As far as grapes go, this is a straight Pinot Noir sparkling rosé. At some point, I’ll talk about the different ways to make rosé, probably the next time I cover a pink sparkler because they have their own special rules, but this is not a wine about which we need to think too technically.
This wine is all about the drinking. I know that sounds a bit naff, but this was made by Peter James Barry for his mother Nancy, not as a stunning technical achievement, but as something he thought she would enjoy drinking with her friends as they played their weekly card games. The notes are not about how the wine was made, but about Nancy herself.
In the glass, it is just as you see it through the bottle – pretty. I put it somewhere between pink and salmon, while the official tasting notes call it salmon pink. Fair enough. It has big, fast moving bubbles. On the nose it’s quite delicate – patisserie, a little biscuit (but not big, serious Champagne biscuit), and some strawberries. On the palate, it is more lemon and green apple, with the strawberries playing a much smaller role. There’s a hint of sweetness – not a sweet style, but just a hint. The acidity is good – mild for a sparkler, but more than you would typically get from a non-sparkling rosé. Crisp is how I could describe it.

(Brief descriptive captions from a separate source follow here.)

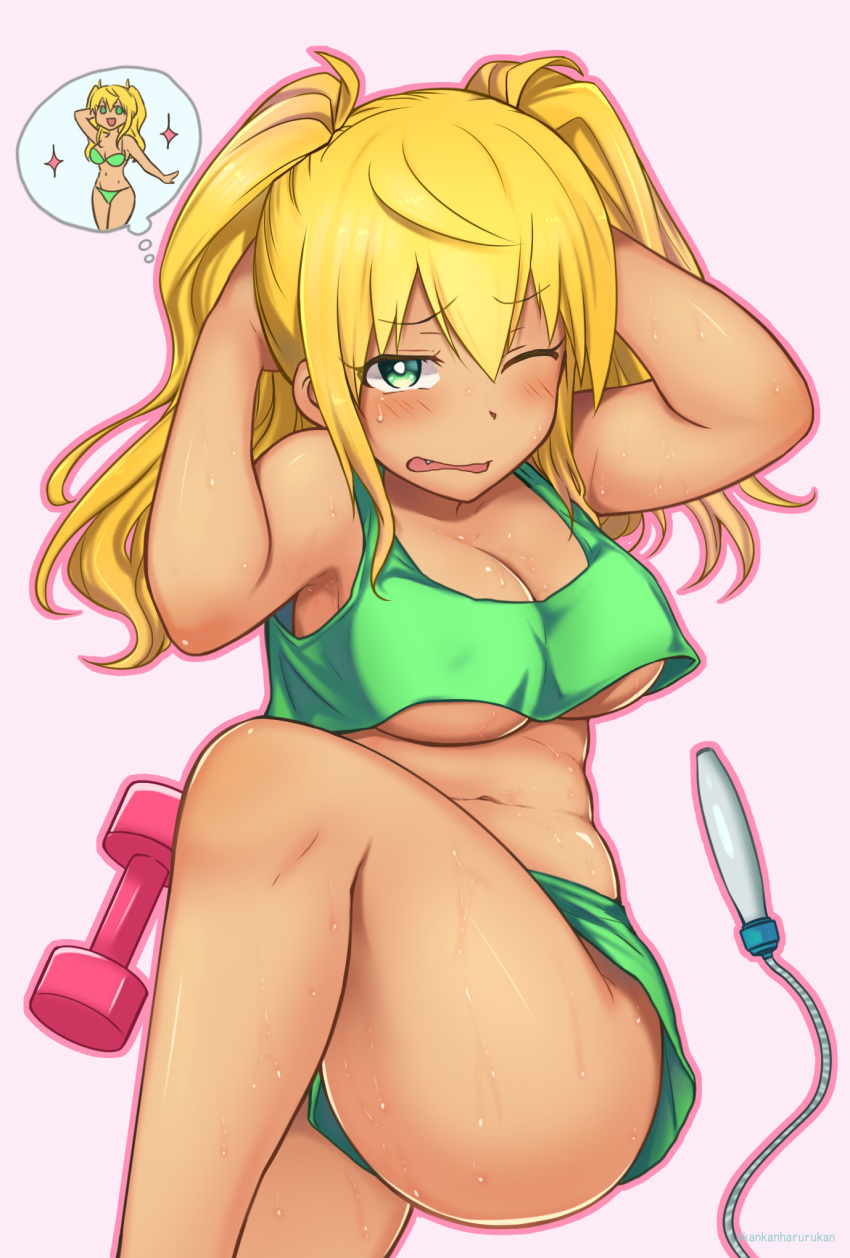 1girl arms_behind_head ass bikini blonde_hair blush breasts cleavage commentary_request cowboy_shot crop_top crop_top_overhang danberu_nan_kiro_moteru? dark_skin dumbbell fang from_above ganguro green_eyes haruka_(yakitoritabetai) highres jump_rope knee_up legs long_hair looking_at_viewer navel one_eye_closed pink_background pink_outline sakura_hibiki_(danberu_nan_kiro_moteru?) shorts sit-up solo stomach sweat swimsuit thighs thought_bubble twintails twitter_username underboob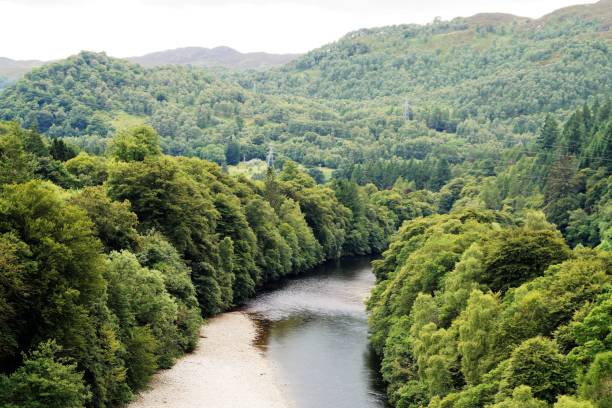 rivière dans le parc national des cairngorms, ecosse, royaume-uni, europe - aviemore photos et images de collection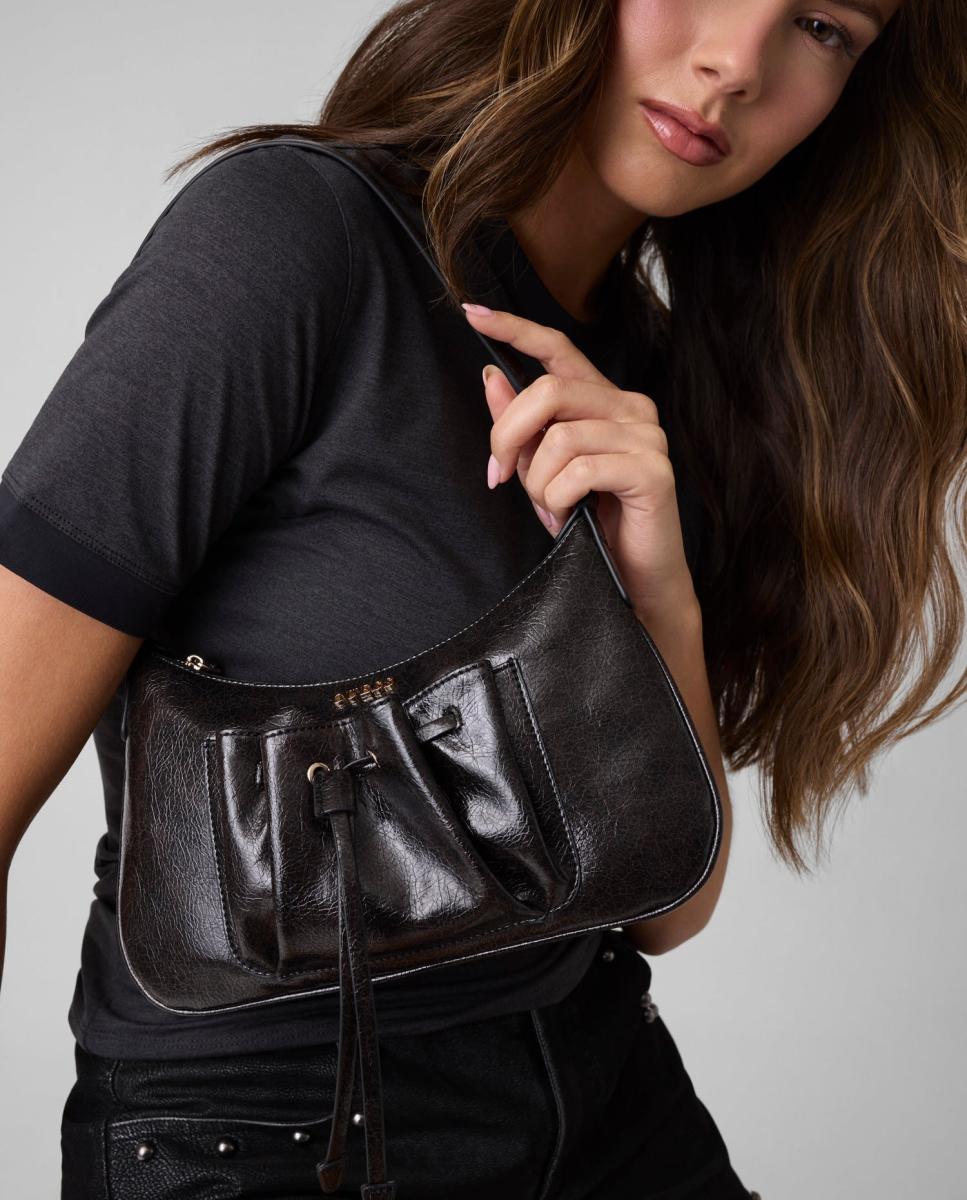 Mala Hobo com Alça de Ombro e Detalhe Franzido Preto-6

This is not the most serious sparkling wine you’re likely to encounter this year, but that’s obvious even before the crown cap is off. But I think this wine is a success in that it hits the mark brilliantly in terms of being a light, refreshing sparkling wine that’s very easy to drink. It’s completely unpretentious. The bubbles suggest that it was not made in a strict traditional method, as does the price, but I wouldn’t hold that against it. While I enjoy drinking serious, indeed sometimes challenging sparkling wines, this one was very good at the less serious end of the spectrum. And if my mother were after a glass of bubbles, I think she’d enjoy this much more than a wine I’d normally buy.